Dans la pièce construite à partir de cornières en acier intitulée Dans tous les sens où ça se machine, Erwan Ballan repense la question du cadre. Les structures orthogonales en acier sont accumulées, posées les unes sur les autres, contre un mur. Au croisement des cornières, des carrés et des rectangles fermés par des plaques de verre ont été remplis de peinture. Certains forment des pans monochromes uniformes, d’autres miment le geste du peintre par larges coups de pinceaux appliqués sur le verre. L’artiste fait l’essai d’une peinture qui se construirait par ajouts successifs de structures, dont la forme et le nombre d’éléments pourraient être modifiés s’il le souhaitait. Comme dans une liste infinie. « Dans tous les sens où ça se machine », cette formule est une phrase de l’Anti-Oedipe. « L’œuvre d’art est une machine désirante elle-même. L’artiste amasse son trésor pour une proche explosion, et c’est pourquoi il trouve que les destructions, vraiment, ne viennent pas assez vite »[7] écrivent Gilles Deleuze et Félix Guattari. De même, Ballan se situe du côté de l’explosion, de la destruction. Dans tous les sens… propose une construction modulable d’éléments métalliques et colorés qui s’empilent les uns sur les autres. Sans composition stricte, ces objets forment une orthogonalité qui n’est pas fixée et peut se détruire à tout instant. Les plans de couleurs se cachent les uns les autres, proposant une instabilité qui vient toujours menacer l’équilibre des pièces.

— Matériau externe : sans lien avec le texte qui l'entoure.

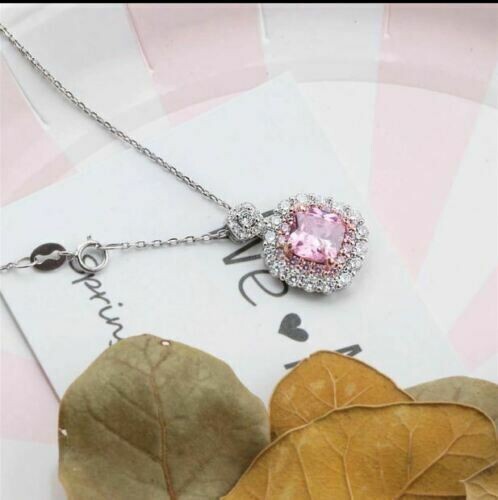 3Ct Cushion Pink Sapphire Halo Pendant in 14K White Gold with Free Chain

Il faut encore être deux pour danser le tango. Dans cette pièce en équilibre instable et en possible devenir, on retrouve également une image (un Mondrian).
Fictions
La peinture post-moderne d’Erwan Ballan renvoie à une histoire moderniste : elle est (presque) plate. Toutes ses œuvres pensent les deux dimensions. Rejouer la confusion entre peinture et sculpture, défaire la « pureté » moderniste définie par Clément Greenberg[8], voici apparemment ce que vise Ballan. Chez lui, tout se passe comme si l’opération d’aplanissement, aussi acharnée soit-elle, avait raté. L’aplanissement d’une matière si épaisse, irréductible, ne conduit qu’au débordement, et à l’« impureté ». « J’en avais assez de toute cette pureté », dit Philip Guston lorsqu’il se met à peindre des toiles figuratives[9]. Une peinture impure faite de toutes sortes d’histoires suggérées, non narrées, de directions adoptées puis oubliées, dans une compétition entre l’objet et le tableau qui ne se résoudrait jamais que dans des objets hybrides, des créatures d’un autre monde.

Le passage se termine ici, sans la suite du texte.